Our main contributions are as follows:
-
By considering the prerequisite of image splicing task is the combination of global features and local features, we propose a Semi-Global network to solve this problem.
-
Besides the combination of global features and local features in patch based classification, we firstly add the Fully Connected CRF as post-processing technique in image splicing task.
-
We add a new smooth term in loss function for the task harmony in patch-based classification and patch-based segmentation.
-
Our method can achieve state-of-the-art performance in several popular datasets.
2 Related Works
Traditional Image Splicing Method. Localizing spliced region in the image has been long studied as part of detecting and localizing manipulated region from images. Some researches [9,10,11, 17] assume that different images will own different noise levels because of the combination of camera model or the post-processing techniques when manipulating. A significant direction of image splicing have assumed that different cameras will show different internal patterns. Such as, Color Filter Array (CFA) [18, 19], CFA transforms incoming light to different color channels and reconstructs the color image. Another important pattern is Camera Response Function [20]. Camera Response Function maps the incoming light to linear for making the image more visually appealing. These two internal image features are highly related to the whole image which means the images are taken by different cameras will show different internal patterns. Another important direction in image splicing is JPEG compression features [21, 22]. These techniques squeeze the feature by the observation that different images will have different JPEG compression levels or JPEG features. Such as, Li et al. [22] extract the block artifacts from the JPEG image for comparison with other block.
Deep Learning for Image Splicing. Recently, Deep Learning-based techniques have been utilized in many Computer Vision and Digital Image Processing tasks. A lot of interests in learning to localize the image splicing region from a single image has been driven by the ability of Convolution Neural Networks [2, 7, 8, 14, 15, 23]. Liu et al. [8] predict the mask of forgery region by a combination of a multi-scale neural network. With the similar idea, Salloum et al. [7] propose a multi-task fully convolutional network to localize image splicing region. They not only optimize the splicing region by ground truth mask directly but also constrain the edge in the output of predicted mask. These two methods only rely on the power of deep learning and the structure of network often design for image classification, which will ignore the low-level features. Inspired by traditional camera internal pattern-based method, Bondi et al. [14] use a pre-trained camera identification neural network to predict the original camera in input patches levels and analyse the results by the clustering algorithm. This method has strong assumption that splicing region and the original images are taken by the different camera. Following the traditional Camera Response Function based method, a novel feature designed by [15], is proposed for image splicing localization. Chen et al. [15] extract the Camera Response Function firstly and then try to classify the splicing regions in the feature domain by Neural Network.
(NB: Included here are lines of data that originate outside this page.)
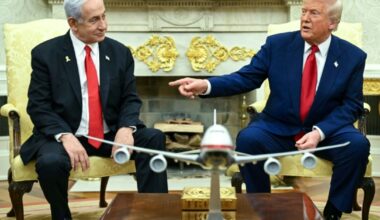 Netanyahu basks in Trump endorsement week before election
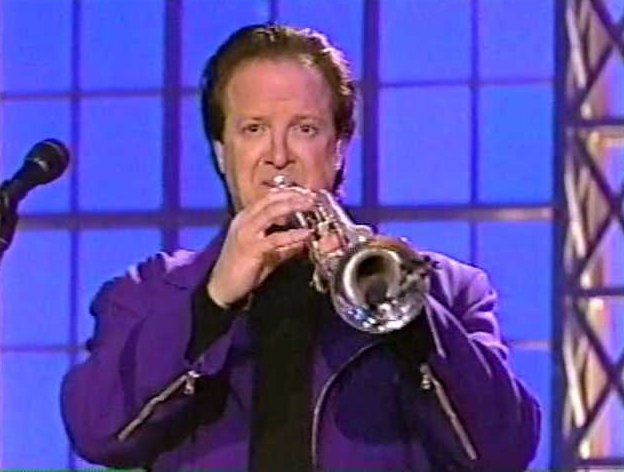 Lee Loughnane and Chicago in The Roseanne Show (1997)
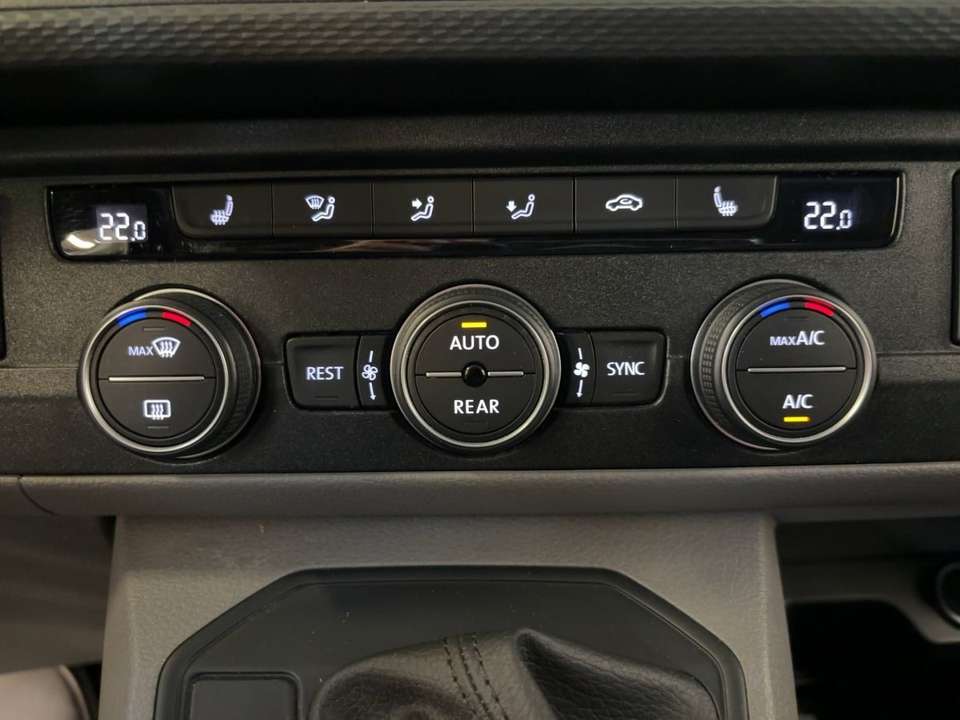 Volkswagen T6.1 Caravelle - Imagem 11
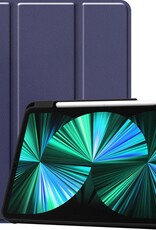 BASEY. Hoesje Geschikt voor iPad Pro 2021 (12,9 inch) Hoes Case Tablet Hoesje Tri-fold Met Uitsparing Geschikt voor Apple Pencil - Hoes Geschikt voor iPad Pro 12,9 inch (2021) Hoesje Hard Cover Bookcase Hoes - Donkerblauw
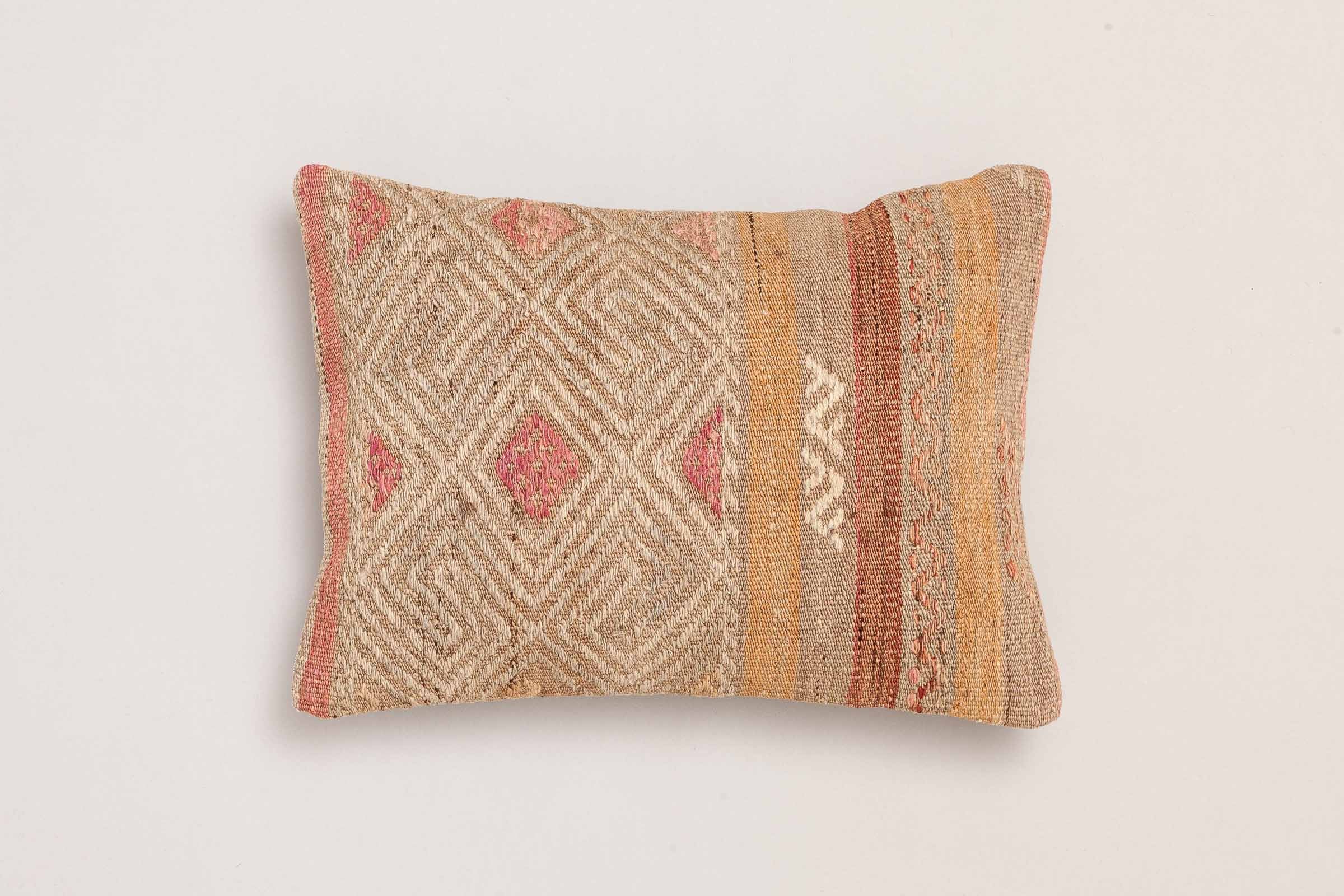 Kilim Cushion "Dal" (50x35cm) - Wild Heart Free Soul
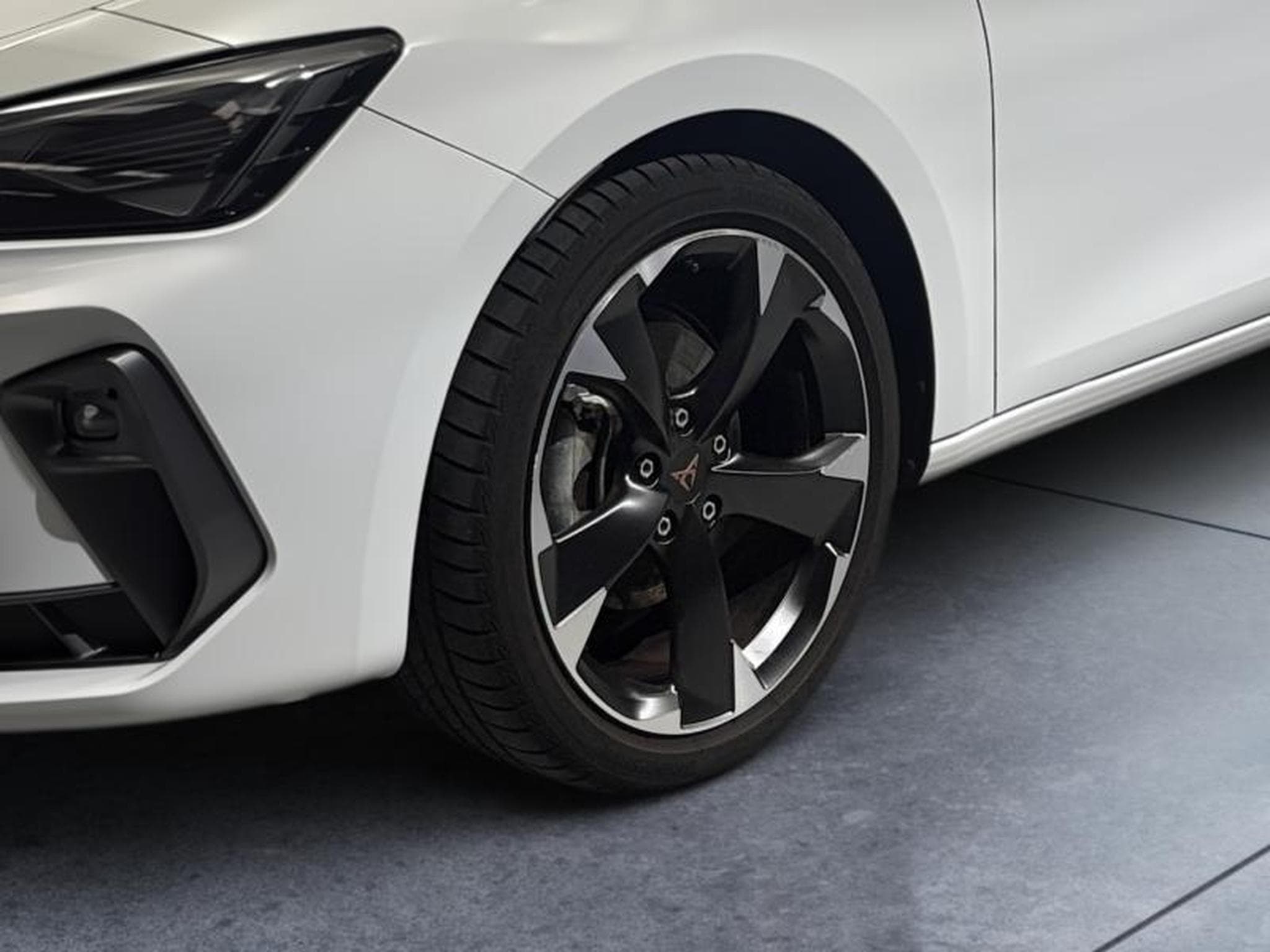 Cupra Leon 1.5 eTSI Hybrid 150ch V DSG7 (2025) - Photo 8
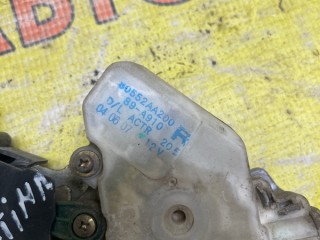 Замок двери передний правый, ориг. номер 80552AA200, Nissan Altima L31 2001-2004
However, this method only can classify the patches in the edge of splicing region. Currently, Wu et al. [23] propose an algorithm for constrained image splicing problem which focuses on finding the spliced region by two images. Thus it is not design for single image splicing localization. Most recently, Bappy et al. [2] propose a hybrid deep learning based method by jointing the training of classification and segmentation for image forgery localization. However, by considering the splicing region often only connect to the local patches, this method is only trying to classify the local patch.
Unlike most deep learning based methods in image splicing which only consider the patches [2, 8, 14, 15] or global image based end-to-end training [7, 23], we argue that image splicing is a task not only relate to local feature, such as the features of edge between splicing region and the host image [15], but also global features, such as light condition [24], camera models [14, 15], etc. Thus, in this paper, we consider from the viewpoint on the combination of global feature and pixel-level local patch classification in the task of image splicing.
3 Methods
We model image splicing localization as a conditional classification task with post-processing. As shown in Fig. 3, the whole overview of our framework can be divided into training network and post-processing.
In training network, giving a candidate image I and its non-overlapped patch sets \(I_p\), the goal of our neural network SGN is to identify each patch is in the spliced region or not (classification of the patch) and which pixels in the patch \(P_i (P_i \in I_p)\) belong to spliced region (segmentation of the patch). So our model can be written as:
where \(L_i\) is the label of current patch \(P_i\) and \(M_i\) is the segmentation results of the spliced region.
Combining the global image and local patch is not only used in network classification, it also performs in post-processing stage in our framework. In post-processing stage, we utilize the Fully Connected CRF to force the connection between colour and position. Notice that we only use the output of segmentation mask as the unary probability of Conditional Random Fields. The final splicing mask \(M_{pp}\) of input image I can be formulated as:
where \(M = \sum _{i\in I_p}{M_{i}}\) is the output segmentation probability mask of our network.
3.1 Semi-global Network
As shown in Fig. 3, our Semi-Global Network can be divided into Global Feature Network and Patch Feature Network. These two parts learn different features from the patch and whole image, respectively. The two branches of the network are trained synchronously in end-to-end style by ground truth label and ground truth mask.
Patch Feature Network. We use the network described in [2] as our local feature extraction network. To achieve the goal of feature extraction from local patch, as shown in the Patch Feature Network of Fig. 3, in each forward of the neural network, one of the non-overlap patches from the original image is fed to the neural network for classification and segmentation.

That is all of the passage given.